Hedonistic Thinking

I’ve been posting a series of articles on the ways disordered characters tend to think. The kinds of problems individuals of disturbed character tend to have in their relationships are a direct outgrowth of the “thinking errors” they engage in, so it’s helpful to understand their distorted thinking processes when we’re attempting to understand and deal with their problem behavior patterns. Some of the erroneous thinking I’ve addressed in prior articles include prideful thinking, egomaniacal thinking, impulsive thinking, and combative thinking.  See:

But by far, one of the most common and problematic ways disordered characters tend to think involves what I refer to as hedonistic thinking.

Disordered characters place a premium on the pursuit of pleasure. They don’t do things unless there’s something in it for them, and they want that something to be sufficiently satisfying. They tend to crave stimulation and excitement and have an inordinate distaste for anything they might regard as “boring,” tedious or mundane. They’re committed to their comfort and hate being inconvenienced or burdened. They think that life owes them a good time and that a life without a steady stream of “highs” is a life not worth living.

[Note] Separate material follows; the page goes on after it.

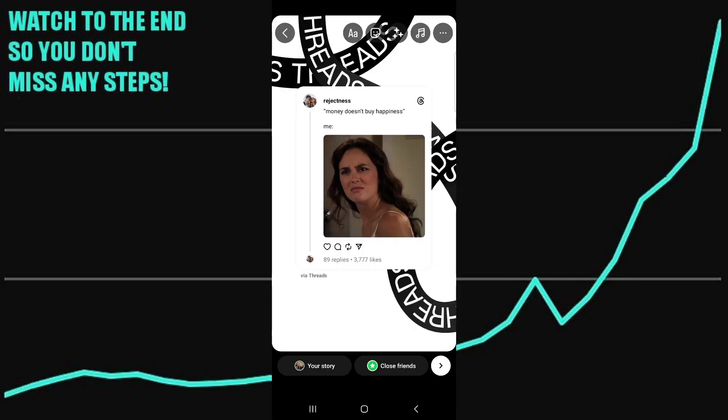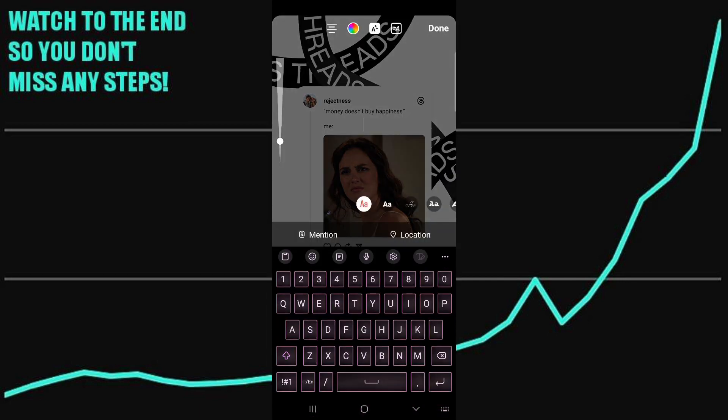Now you can edit, add text, and do all the usual things you would do on your story.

I cannot count the number of lives that have been wrecked by a disturbed character’s hedonistic thinking. This most serious error in thinking has sometimes propelled individuals to engage in the most reckless pursuits of pleasure and excitement. Over time, this kind of thinking also tends to lead people to develop an attitude of extreme intolerance for any kind of pain or discomfort. Now, certainly there is some pain that enters our lives that seems to serve no useful purpose. But a lot of what we find uncomfortable or painful has some really potentially positive and constructive benefit. Being willing to bear discomfort in the short term for what is likely to be a longer term payoff is one of the main keys to a mature, healthy lifestyle. But attitudes of patience, endurance and tolerance are almost impossible to cultivate if we’re constantly focused on what will titillate us in the moment. Hedonistic thinkers are simply at war with anything that doesn’t feel good. They can’t find any value in things that cause them distress or are a burden, even if they’d have to endure such things only for a short while. In my work over the years with disordered characters, I focus quite a bit on guiding them toward increased tolerance of the mundane, as well as encouraging them to cultivate the will to bear discomfort.  The willingness to tolerate discomfort in the short term for a longer-term reward is absolutely crucial to the development of a healthier character.